A verbatim copy of all the data is required, minus any images.

___ Provided material ___

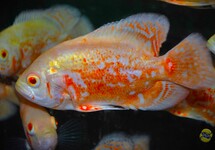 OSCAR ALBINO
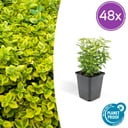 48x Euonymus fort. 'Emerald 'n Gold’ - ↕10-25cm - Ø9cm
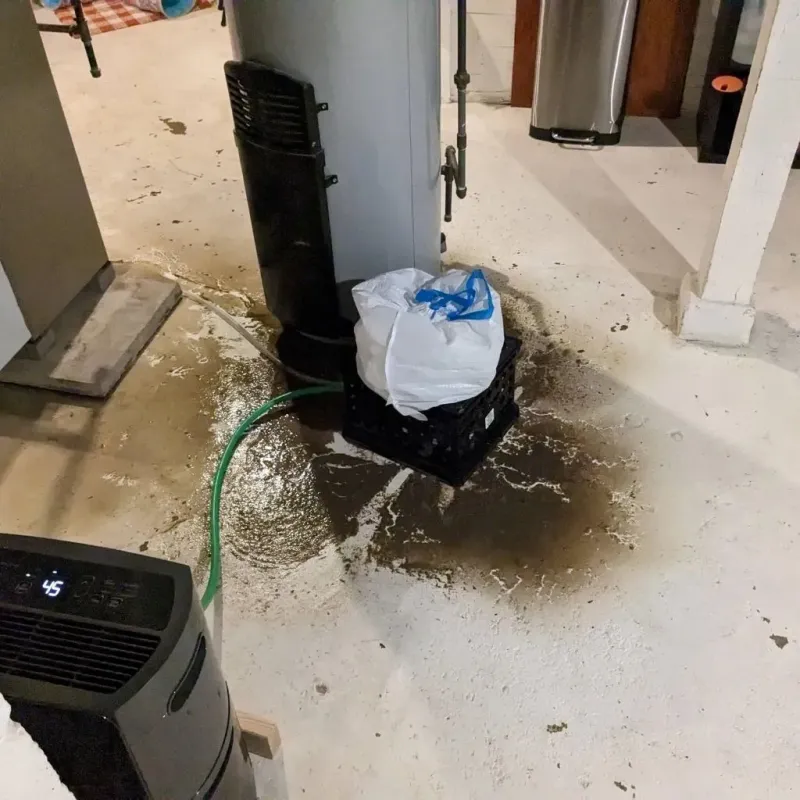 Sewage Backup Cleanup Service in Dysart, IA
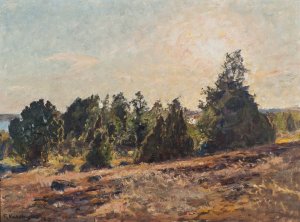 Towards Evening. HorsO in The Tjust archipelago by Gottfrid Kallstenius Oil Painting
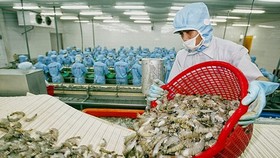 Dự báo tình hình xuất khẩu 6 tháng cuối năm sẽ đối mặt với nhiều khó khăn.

___

• **Completed exercise**:
 OSCAR ALBINO
 48x Euonymus fort. 'Emerald 'n Gold’ - ↕10-25cm - Ø9cm
 Sewage Backup Cleanup Service in Dysart, IA
 Towards Evening. HorsO in The Tjust archipelago by Gottfrid Kallstenius Oil Painting
 Dự báo tình hình xuất khẩu 6 tháng cuối năm sẽ đối mặt với nhiều khó khăn.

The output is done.